When you don’t have a shared smile, a gentle touch, or an instantaneous reaction, things you take for granted in every day interactions can get just plain messy. Trust me, I know, my fiancé and I have been apart to some extent every summer that we have been together, with two of those summer being countries apart. A sarcastic comment can be taken wrong, jokes might not land, and when all you want is to be held you have a screen waiting for a response. Choosing words when they are all you have can be challenging, and while it may suck, it teaches you a lot. You learn that the thought put into the word is more important than the number of words. You know how to backtrack and re-explain things so they can be better understood out of context. You learn to interpret the meanings of things you might not completely understand, and even more, you learn to trust that your partner has the best intent behind those words. None of this was learned over night, however, and I’m sure there will still be days when I get irrationally offended by something that was meant to be sweet (I’m only human).

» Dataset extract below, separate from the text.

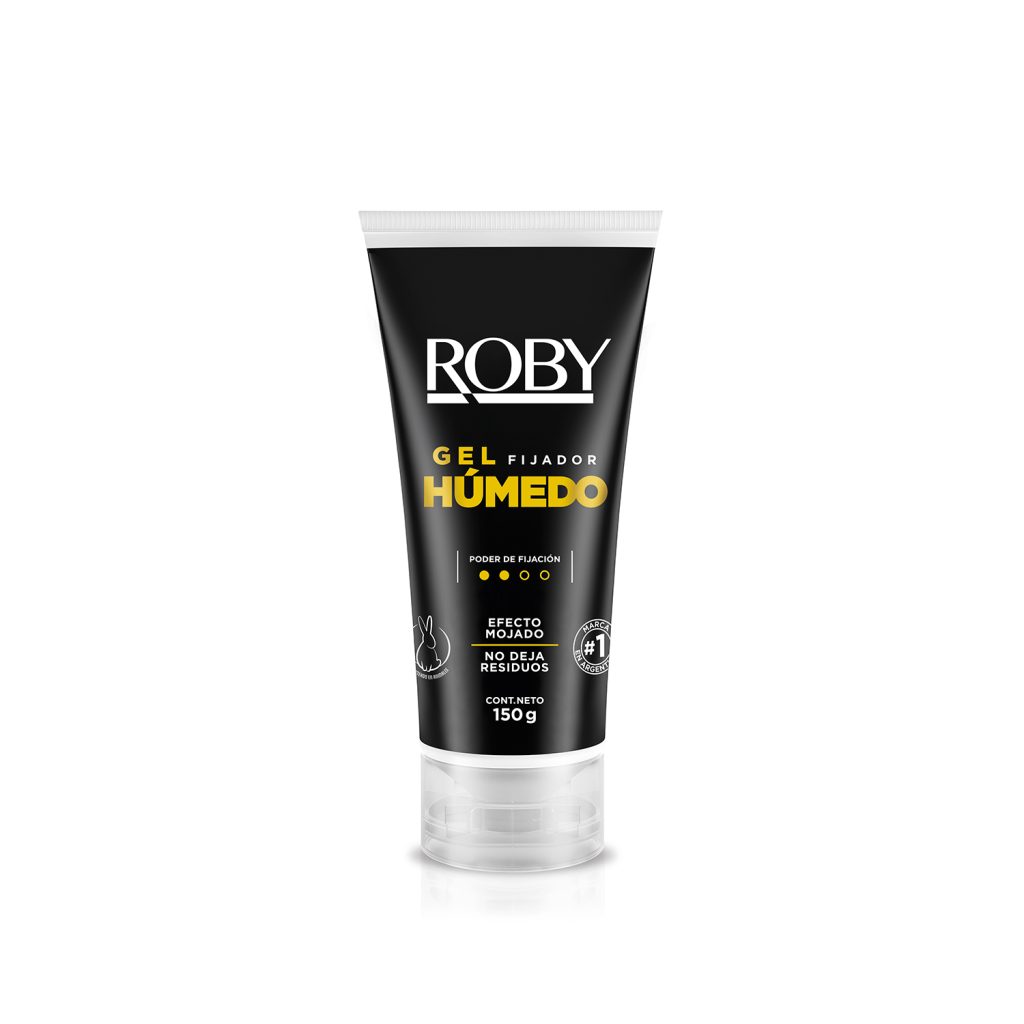 ROBY GEL HUMEDO C/ALOE 150 GR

Sometimes, with the most important people, you can even run out of words. When all you do is talk, you can run out of things to talk about. This can be extremely frightening, and you may think to yourself this is one of the people I love most and we can’t even find anything to talk about?! We’re doomed! The connection is gone! PANIC! … At least, that thought process has gone through my mind more than a couple of times. And even though I still freak out about silence, I do not believe I am doomed, my fiancé and I still have that goofy connection, and I try to repress the urge to panic. Just like relationships become comfortable, and you can sit with your best friends doing nothing and saying nothing, those moments can happen in the context of words to. And that’s when you start typing out noises to keep the conversation going :).

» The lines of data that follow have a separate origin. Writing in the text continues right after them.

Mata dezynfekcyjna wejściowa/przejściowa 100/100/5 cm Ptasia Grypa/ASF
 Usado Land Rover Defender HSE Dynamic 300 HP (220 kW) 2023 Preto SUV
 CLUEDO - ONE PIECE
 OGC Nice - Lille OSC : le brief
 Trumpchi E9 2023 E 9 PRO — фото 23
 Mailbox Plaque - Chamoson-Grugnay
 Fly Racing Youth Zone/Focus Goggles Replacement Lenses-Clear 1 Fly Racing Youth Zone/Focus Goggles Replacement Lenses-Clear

The way in which we communicate with others is something that I think is way undervalued. Communication sets the tone for the entire relationship, and an ill chosen phrase or even word can send it in a direction that was not intended. Even in person, issues stemming from miscommunication may happen, hopefully leading towards clarifying communication instead of just frustration. I will be the first to admit that I run my mouth without thinking some most of the time, just ask basically anyone who knows me. I feel that by consciously working on it over the past, however, I have saved myself from some pretty irreversible slip ups. I’m not saying that we should censor ourselves in our daily lives, because that would just be plain stupid. What I am trying to articulate (if not long windedly) is that we should communicate with intent. What you say to the world is the only thing way the world knows what’s going on inside that noggin of yours, so you may want to try to do it right the first time, or the second, but more importantly the last time.